Directions for this task:
Retype exactly every line from the one that includes "Lindo KitnetPara locação Centro Diadema" through the final line of the listing, both ends kept, and omit the pictures.
======
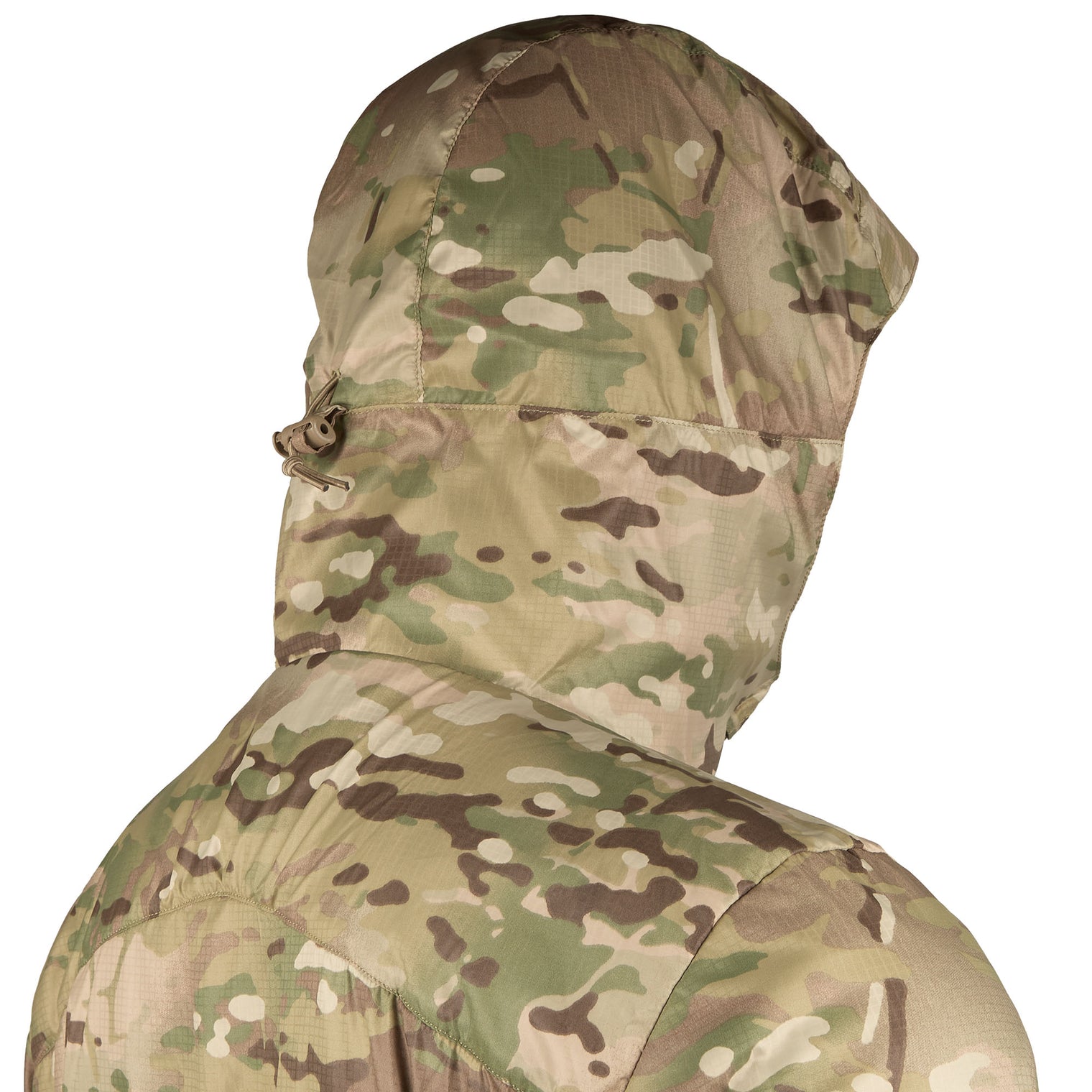 PLATATAC Silks Alpha Jacket - Platatac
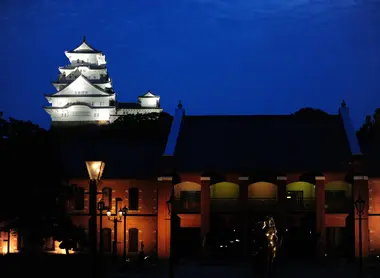 Château Himeji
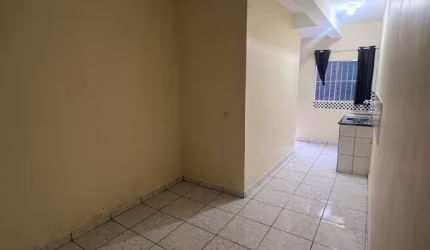 Lindo KitnetPara locação Centro Diadema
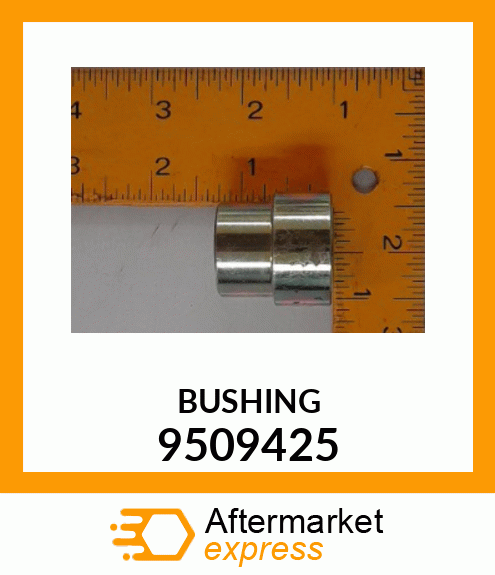 BUSHING 9509425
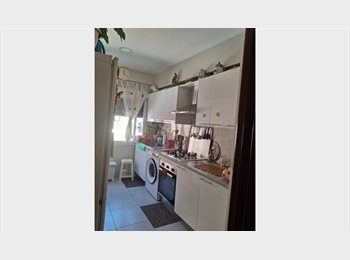 Roomgo ES - Alquiler de habitación, Arganzuela - 480 € por mes
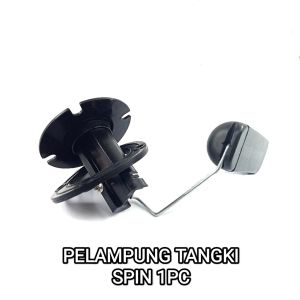 Pelampung Tangki Spin - Plampung Apung Tengki Tanki Tank Teng Bensin Bengsin Minyak Suzuki Spin 125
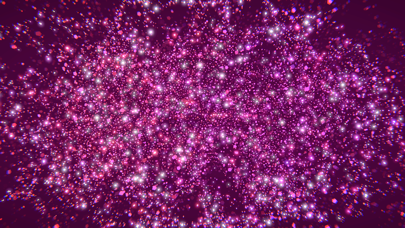 KiraFlow : 闪粉顺畅流动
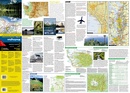 Wegenkaart - landkaart State Guide Map Wisconsin | National Geographic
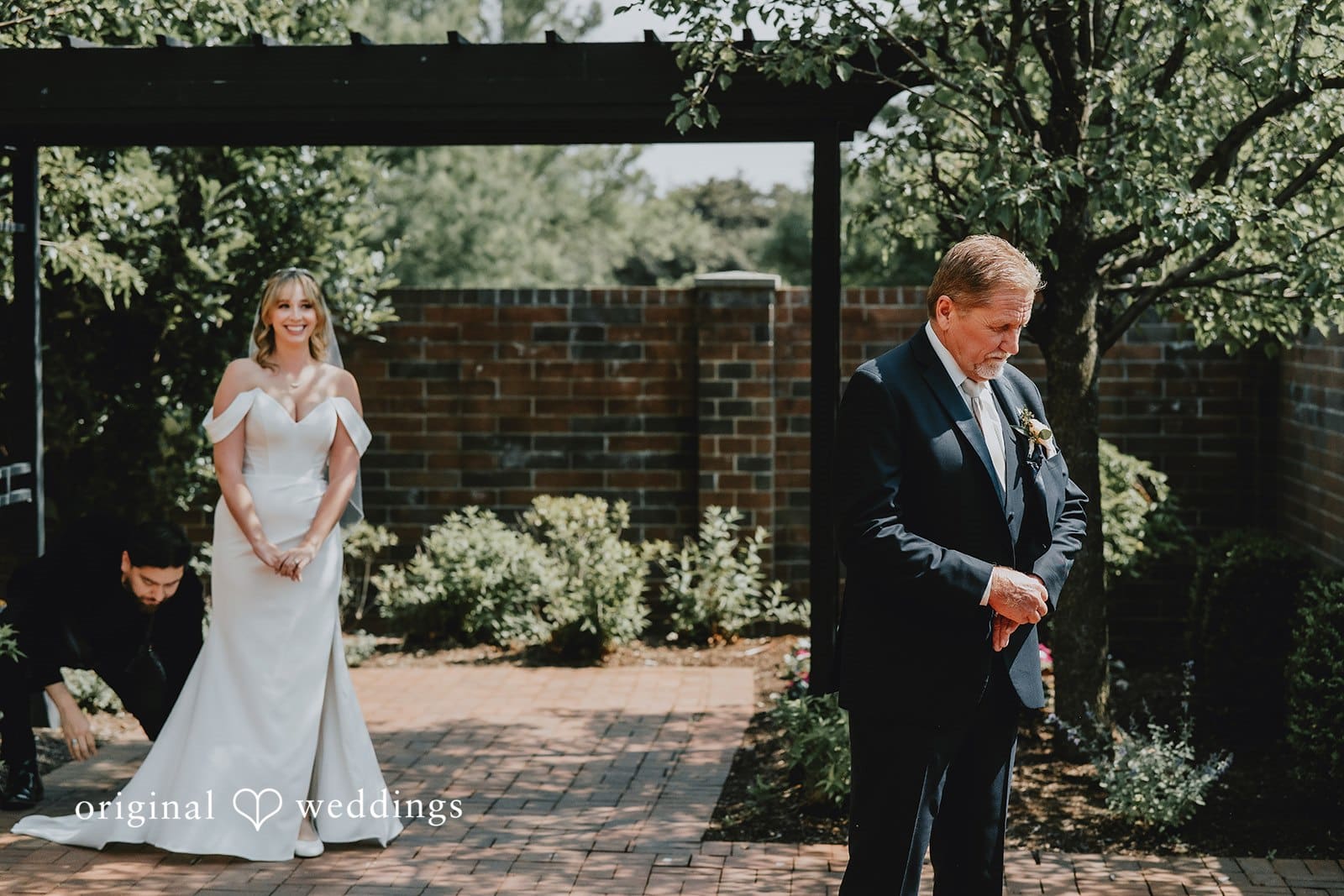 Olivia & Collin -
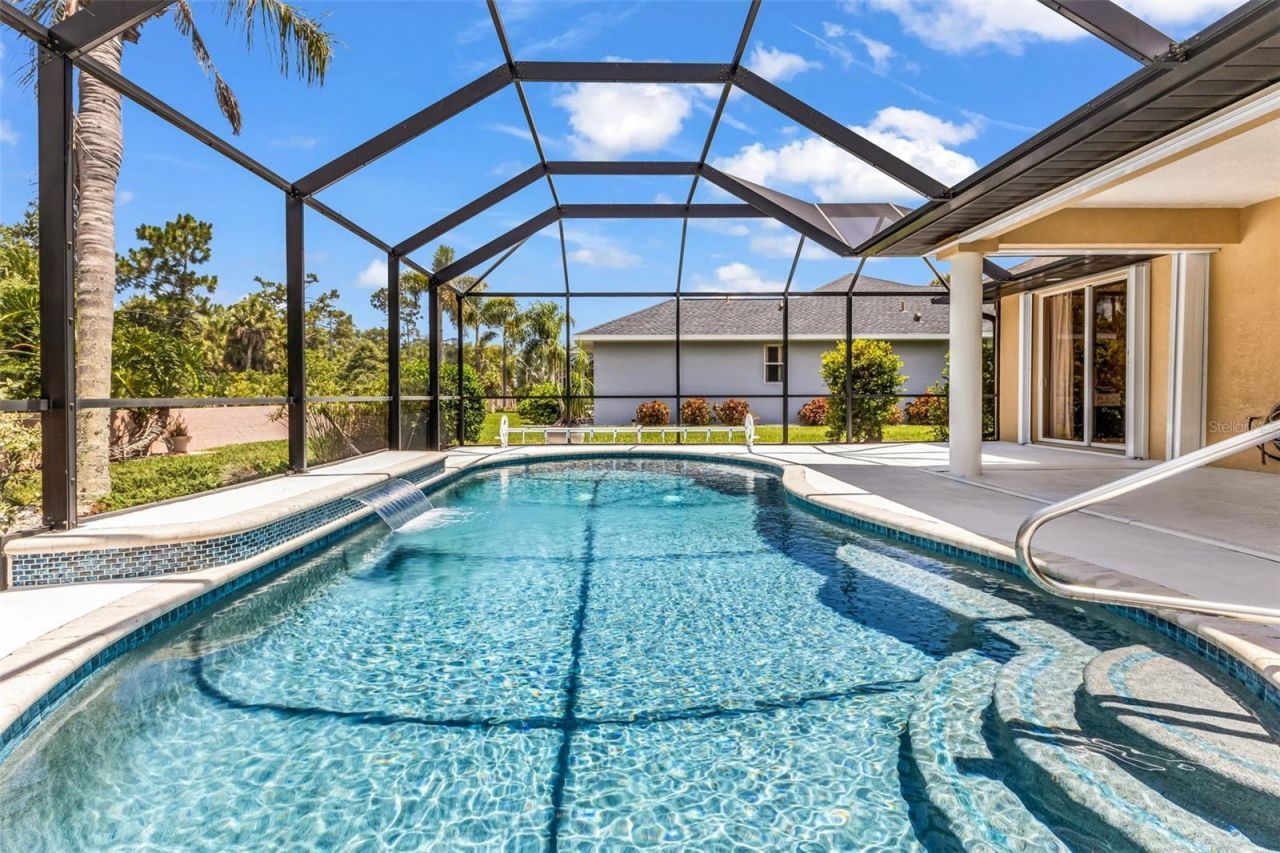 2430 Pebble Creek Place , Port Charlotte, FL 33948 Photo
======
Written solution:
 Lindo KitnetPara locação Centro Diadema
 BUSHING 9509425
 Roomgo ES - Alquiler de habitación, Arganzuela - 480 € por mes
 Pelampung Tangki Spin - Plampung Apung Tengki Tanki Tank Teng Bensin Bengsin Minyak Suzuki Spin 125
 KiraFlow : 闪粉顺畅流动
 Wegenkaart - landkaart State Guide Map Wisconsin | National Geographic
 Olivia & Collin -
 2430 Pebble Creek Place , Port Charlotte, FL 33948 Photo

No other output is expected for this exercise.